[CR]FLASH' HETCHINS HISTORY COMMENTS PART 1

(Example: Component Manufacturers)

From: "Thomas Rawson" <twrawson@worldnet.att.net>
To: "Richard M Sachs" <richardsachs@juno.com>, <Classicrendezvous@bikelist.org>
Date: Mon, 10 Mar 2003 12:59:38 -0800
Subject: [CR]FLASH' HETCHINS HISTORY COMMENTS PART 1

Tom & CR,

Where are the customers? I think Mark Reilly/Mark Joynt must have been asking themselves that question the whole of the last 18 months. They were the ones who tried to cop the Hetchins name--while the myth was still about that every one was hand-made down to the screws--and they sold maybe three bikes in 18 months. I think THEY thought there was a gold mine in making Hetchins (replicas), and they got it wrong. David Miller made no more than a dozen Hetchins in a good year, and he hasn't had a good year in a while. He does more renovations than new production, I suspect.

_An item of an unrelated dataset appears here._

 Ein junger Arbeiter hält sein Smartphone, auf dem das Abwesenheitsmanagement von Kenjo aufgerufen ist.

David Miller makes retro-Hetchins, too; a customer recently ordered a new Hetchins to fit a Super Record groupset. As long as there are a few NOS Super Record sets out there, there will be a demand for 1980 spec frames. But increasing the supply of retro-spec frames is not going to increase the supply of NOS groupsets.

You wanna see yer builder sweat blood? Take a look at the Carminargent at http://www.hetchins.org/camin01.htm. There's a frame hand-made down to the SCREWS. Cost double what a Hetchins did in its day! There's a market for that, too. But I very much doubt that increasing the supply of such completely hand-made frames would increase the demand for them.

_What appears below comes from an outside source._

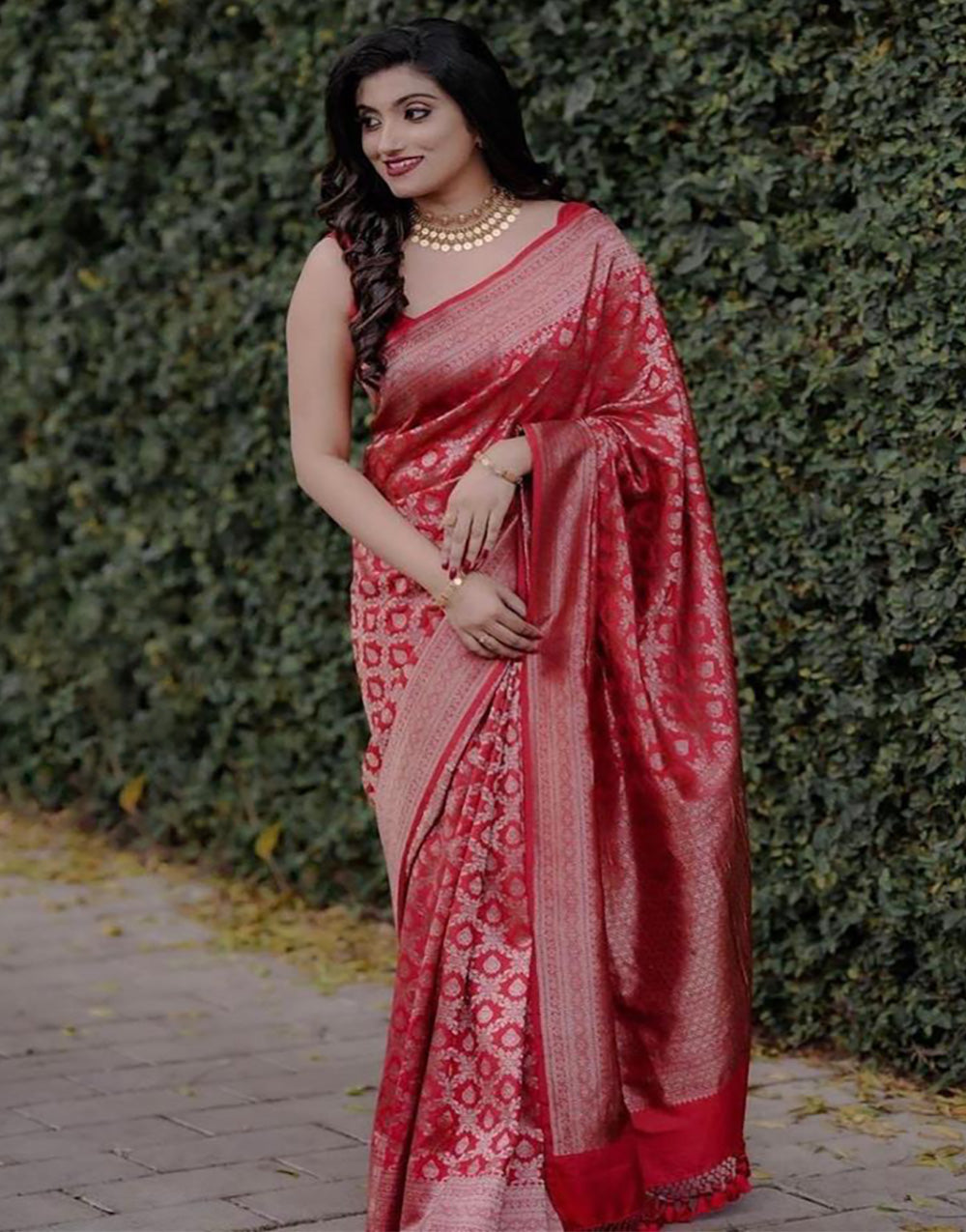 Rose Red  Banarasi Silk Saree  With Gold Zari Weaving Work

The point I'm getting at is this: Reilly/Joynt probably thought that by increasing the supply of Hetchins, they would increase the number of takers. But the speciality cycle market does not work like that. It is less governed by supply and demand than by the whims of customers' taste. Those who want a hand-made as well as custom-made bike are as choosey about the frame builder as they are about the fittings and the paint and the groupset. Brand loyalty counts for a lot among these buyers. The number of customers who want a bicycle (or a car, or a rifle, for that matter) hand-made down to the screws, or a retro-spec, probably remains roughly constant in every decade, regardless of the number of builders prepared to invest their sweat in producing them. When there are fewer producers than the natural level of such buyers demands, then the desirability of HISTORIC frames increases; when there are MORE producers than the natural level of such buyers demands, then some of them go bust.

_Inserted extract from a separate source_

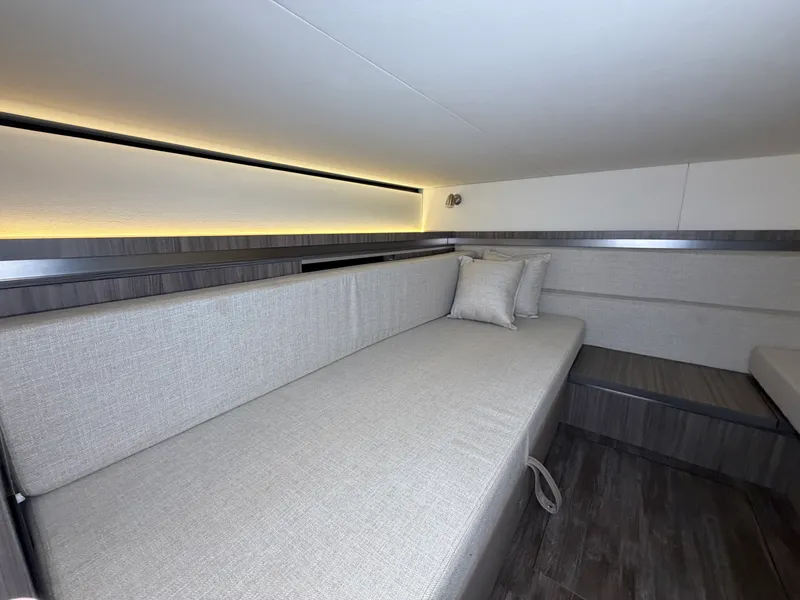 Slide: The Image of Sea Ray Sundancer 320 2026 - 35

In my opinion, there is only one way to increase the demand for such items, and it is not to produce more of them. It is rather to educate the public that such things exist and why they are valuable. The mass of people who know only mass-produced toasters, mass-produced televisions, mass-produced steroes, and so on, do not know the difference and would not recognize it if they saw it. They have to be initiated into the world of the craftsman. Where are the customers? First, you have to impart a sense of taste to an otherwise plebian market. The public must first be enlightened. In other words, hand-made cycle building is a consciousness-raising exercise.

Is this beginning to sound like religion?